Tesla Motors' quarterly earnings per share
Source: Bloomberg
Note: Diluted EPS.

Tesla stock is utterly indifferent to whether the company's losses are bigger or smaller than analysts predict. Wednesday's miss, at 77 percent, was the biggest ever, according to figures compiled by Bloomberg -- and the stock initially traded up after hours. I looked back at the prior 24 quarters and compared the amount by which Tesla beat or missed the consensus forecast with the next day's share price move, using data compiled by Bloomberg. The correlation coefficient was all of 0.0374 -- or, among friends, "zero."

Ah, but Tesla's a growth stock, so the more relevant metric is revenue. And so it is -- but not by much, given a correlation coefficient of 0.142. (Revenue also missed this quarter, by the way.)

Earnings? What About Them?
Source: Bloomberg

Even vehicle deliveries weren't really worth squat heading into Wednesday evening's second-quarter release: Investors knew already Tesla had missed its own guidance.

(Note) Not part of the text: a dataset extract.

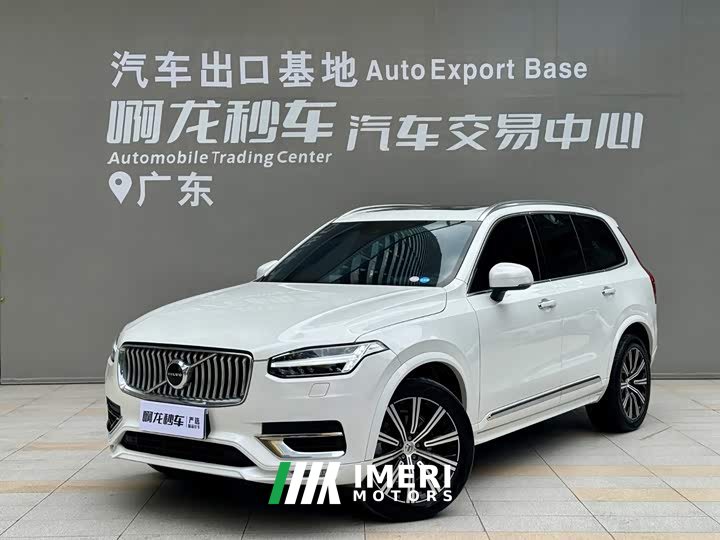 Volvo XC90 B6 Intelligent Luxury 7-Seater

What really matters is the amount of cash Tesla is burning. We know this, of course, because silly buggers like me write about it so much and keep publishing charts like the one below. So, you know, it must count for something, right?

This One Again
Tesla's rate of cash burn accelerated sharply after 2013
Source: Bloomberg, the company
Note: Cash flow from operations less capital expenditure.

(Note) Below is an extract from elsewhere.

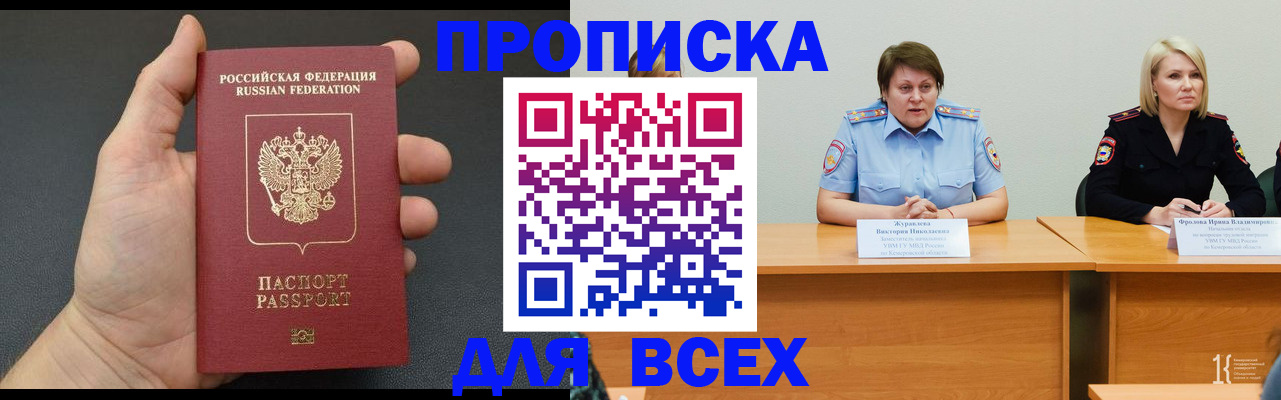 прописка законно в Людиново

Incidentally, that improvement seen in the "Last 12 Months" bar on the right owes a lot to Tesla's inclusion of customer deposits to get in line for the Model 3 -- entirely refundable amounts for a car that is yet to be built. Exclude them and, based on Tesla's earlier disclosure of about 370,000 orders, that bar would be closer to $2 billion. It's worth noting that number wasn't updated in Wednesday's results. Meanwhile, Tesla's guidance of $2.25 billion in capital expenditure in 2016 implies second-half spending will be more than three times what it was in the first.

But no one, it seems, is taking any notice. Because, really, if you were aware a company in which you held shares had burned through $4.5 billion in just the past five years and was headed by someone envisioning "tens of billions" of more spending on a mission that is creeping at the pace of a cheetah, then you'd sort of care by now.

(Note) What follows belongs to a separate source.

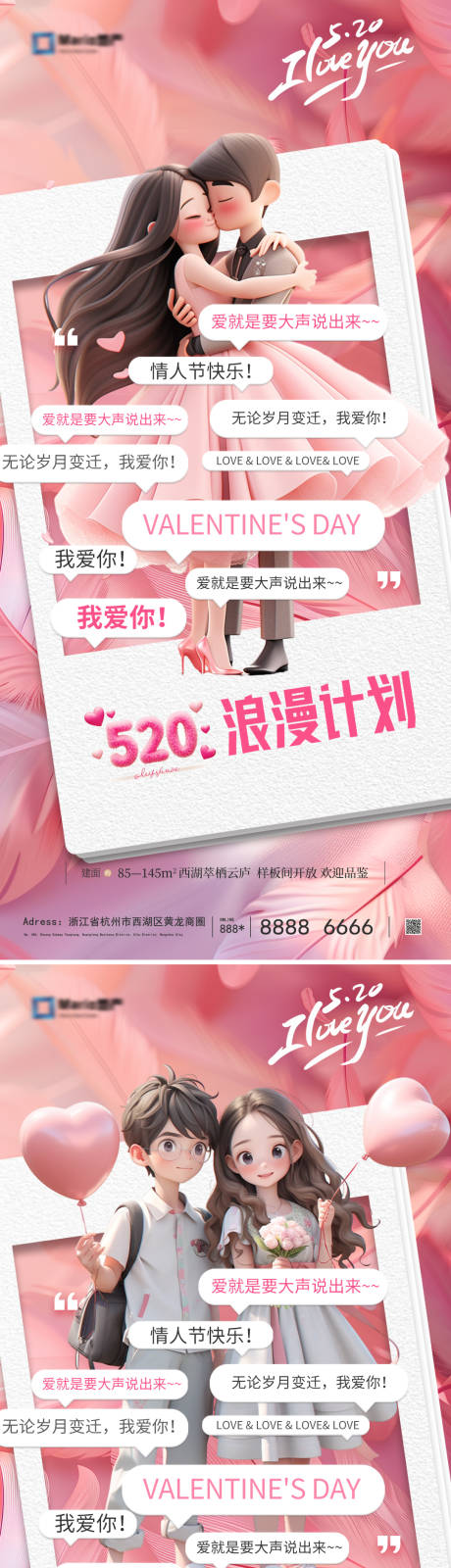 源文件下载【520情人节海报】编号：87050030614439275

Ahead of the results, Barclays analyst Brian Johnson summed up investors' apparent ennui with a report about Tesla titled: "2Q'16 Earnings Preview, Whatever". He was onto something, too: Judging by the trading volume and price action in Tesla's shares on Wednesday, this was the numbest lead-up to a set of figures in years.

Great Quarter Guyzzzzzzzzzzzzzz
Trading in Tesla's stock was very muted ahead of the latest set of results
Source: Bloomberg, Bloomberg Gadfly analysis
Note: Data reflect the trading day before each set of results. Price variance measures the gap between the high and low price of the day, expressed as a percentage of the closing price. Traded volume reflects shares traded as a percentage of shares outstanding.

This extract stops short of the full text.